Thursday, October 09, 2008

The new glossary of Wall Street terminology

After a series of calamitous days on Wall Street, I sit here watching the Nikkei and other Asian markets continuing the freefall in order for Wall Street to get an inkling in which direction to trade tomorrow morning.
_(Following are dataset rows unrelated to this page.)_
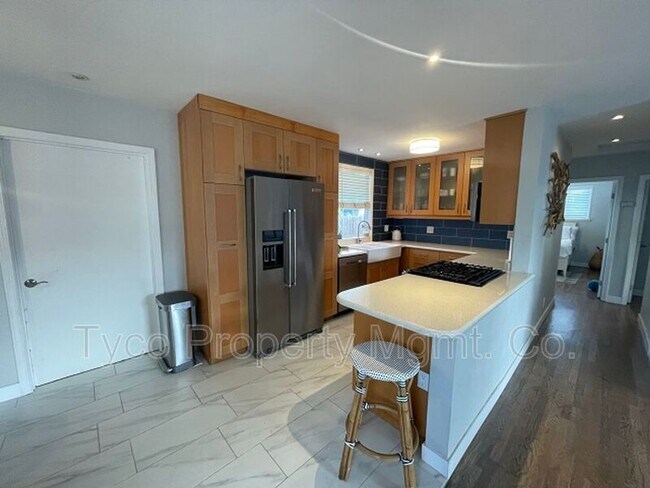 Foto del edificio - 392 Bonito Ave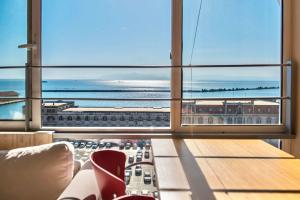 uma sala de estar com uma grande janela com vista para o oceano em #Morrison Apt by halu! Apartments em Tessalónica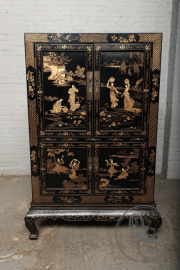 Старинный комод в ориентальном стиле с золочением код. BE84449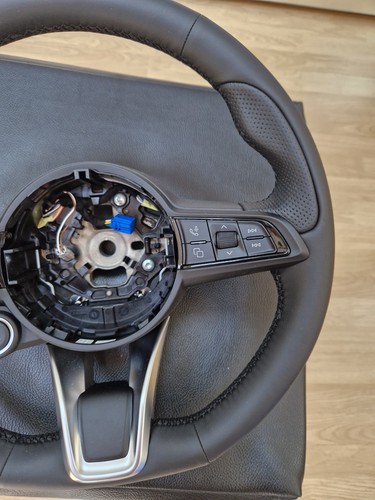Volante Alfa Romeo Giulia Stelvio Tonale (Steering Wheel) - Foto 3 di 5
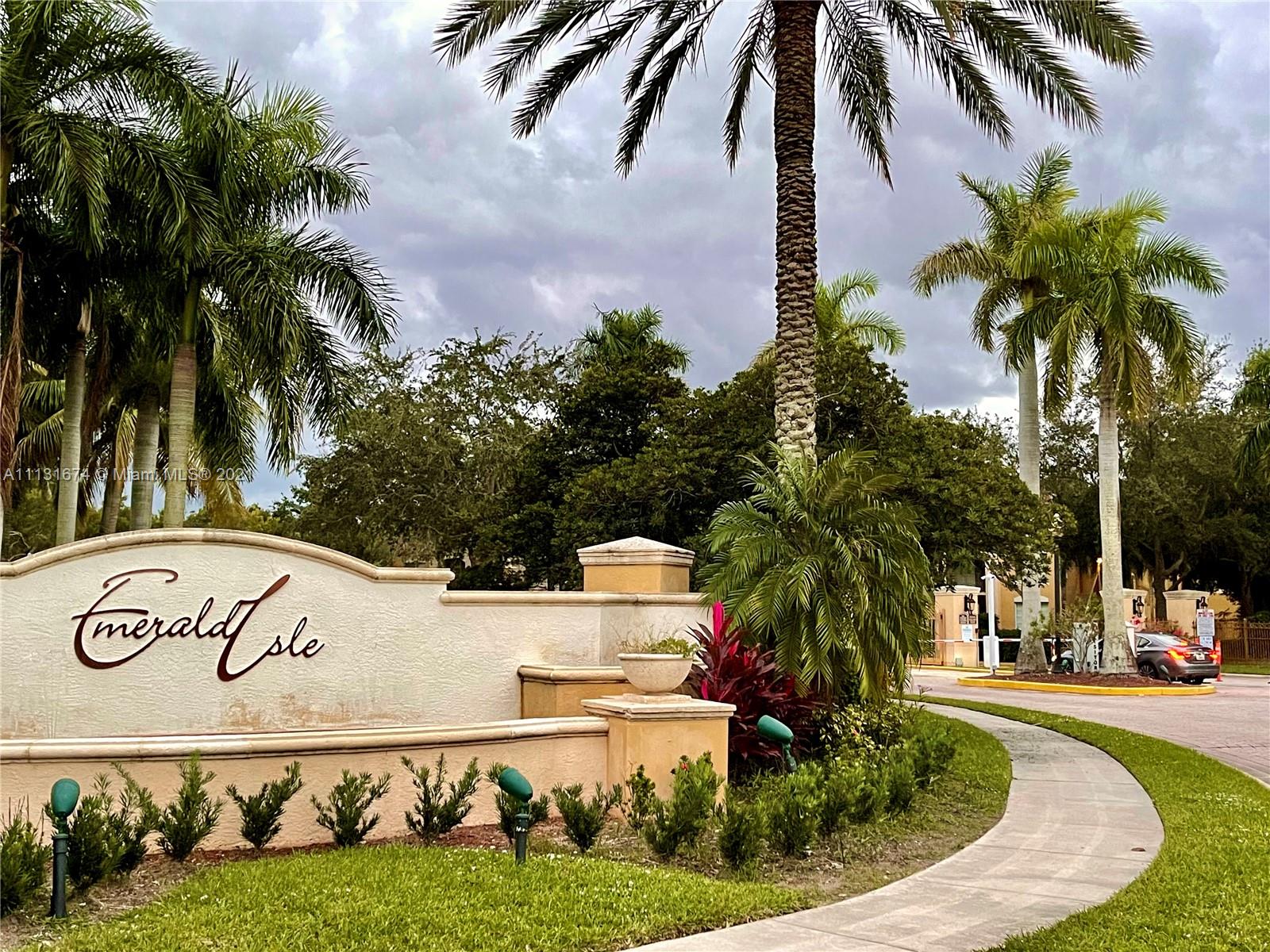 EMERALD ISLE AT LAGUNA - Residential Lease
In the meantime, I am brushing up on the latest vernacular:


BULL MARKET - A random market movement causing an investor to mistake himself for a financial genius.


BEAR MARKET - A 6 to 18 month period when the kids get no allowance, the wife gets no jewelry, and the husband gets no sex.


VALUE INVESTING - The art of buying low and selling lower.


P/E RATIO - The percentage of investors wetting their pants as the market keeps crashing.


BROKER - What my broker has made me.


STANDARD & POOR - Your life in a nutshell.


STOCK ANALYST - Idiot who just downgraded your stock.


STOCK SPLIT - When your ex-wife and her lawyer split your assets equally between themselves.


FINANCIAL PLANNER - A guy whose phone has been disconnected.


MARKET CORRECTION - The day after you buy stocks.


CASH FLOW - The movement your money makes as it disappears down the toilet.


YAHOO - What you yell after selling it to some poor sucker for $240 per share.


WINDOWS - What you jump out of when you're the sucker who bought Yahoo @$240 per share.


INSTITUTIONAL INVESTOR - Past year investor who's now locked up in a nuthouse.


PROFIT - An archaic word no longer in use.

1 comments:

Memphis MOJO said...

I guess I have some money left in my 401(K). I'm afraid to check.